Certes, tous les sages –dont le Maroc- appellent à des négociations urgentes pour mettre fin à cette guerre qui décime le peuple ukrainien, détruit l’Ukraine et dont le monde entier paie et paiera encore le prix.
Mais le pire n’est-il pas de réaliser -à la fois- que, si ces négociations n’aboutissent pas, le carnage se poursuivra, la menace d’un conflit généralisé persistera et le coût sera de plus en plus lourd pour tous. Et que si elles aboutissent, ce ne serait qu’à la condition que l’Ukraine ne tombe pas dans le giron de l’OTAN. Ce qui signifierait que ce que réclamait la Russie (pas d’OTAN à ses frontières) serait finalement entériné et qu’il y aurait eu toute cette horrible guerre pour ne revenir qu’à la case départ !
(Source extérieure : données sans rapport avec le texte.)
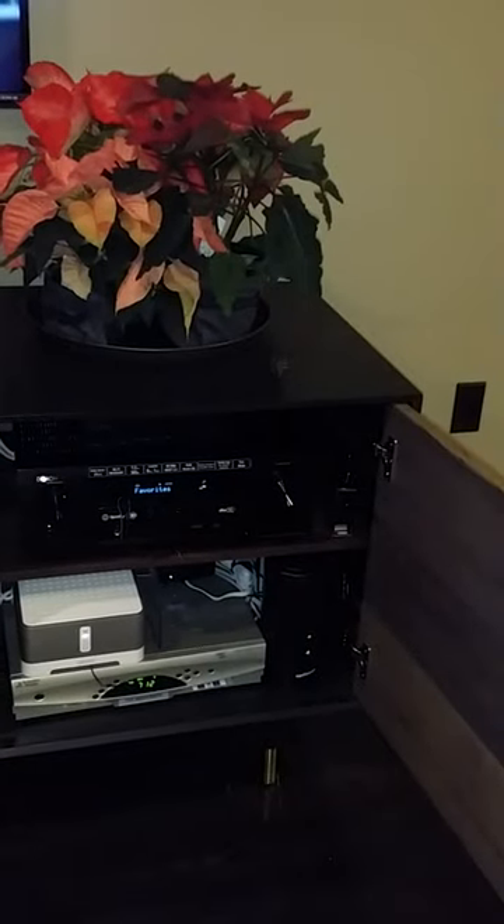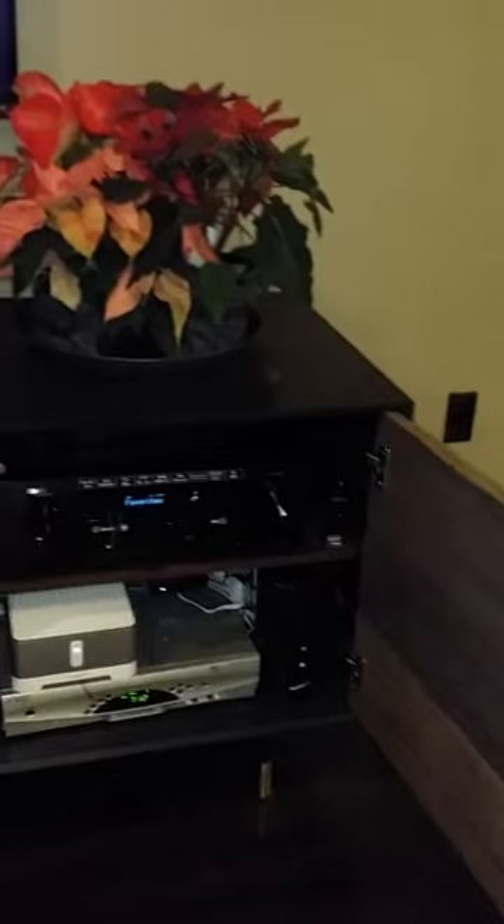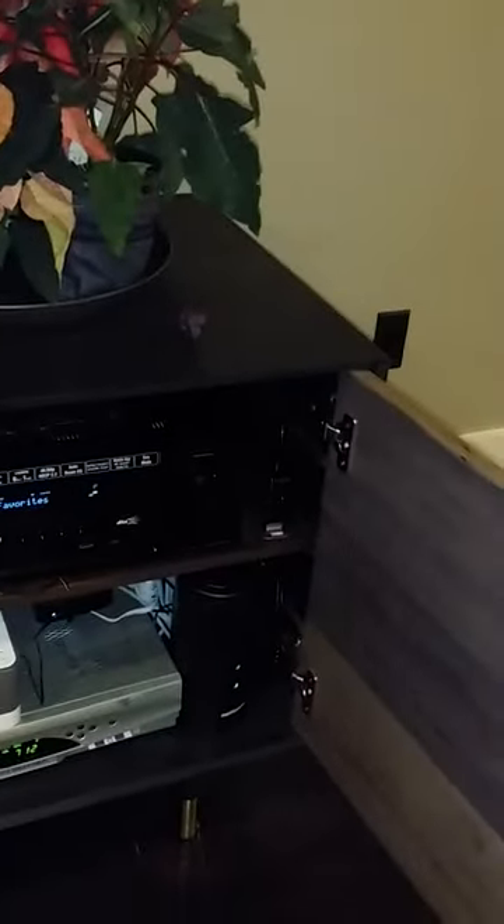We've got all the equipment and devices in the cabinet. You see the connector and the cable box, the router, the Denon amplifier, the IR device, the router. And if you look underneath there, you see the eye.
Par contre, sur le plan géopolitique, il ne faut pas être grand clerc pour comprendre qu’à l’issue de cette guerre, il n’y aura pas de retour à la case départ… Les Etats-Unis craignaient la Chine plus que la Russie. Aujourd’hui, ces deux puissances ne peuvent objectivement que se rapprocher. Si on compte avec la Chine et la Russie leurs alliés –notamment la Corée et l’Iran- on voit bien à quoi donne lieu cette redistribution des cartes. Tandis que l’Occident, de son côté, réalise sa dépendance et sa faiblesse face à un tel Bloc… Mais aussi sa désunion… Les Etats Unis campant leur rôle de 1ère grande puissance ; et l’Europe étant tiraillée entre son appartenance à l’Alliance atlantique (dominée par les Etats Unis) et ses velléités de devenir à elle seule un Bloc de la taille de ceux qu’elle a en face.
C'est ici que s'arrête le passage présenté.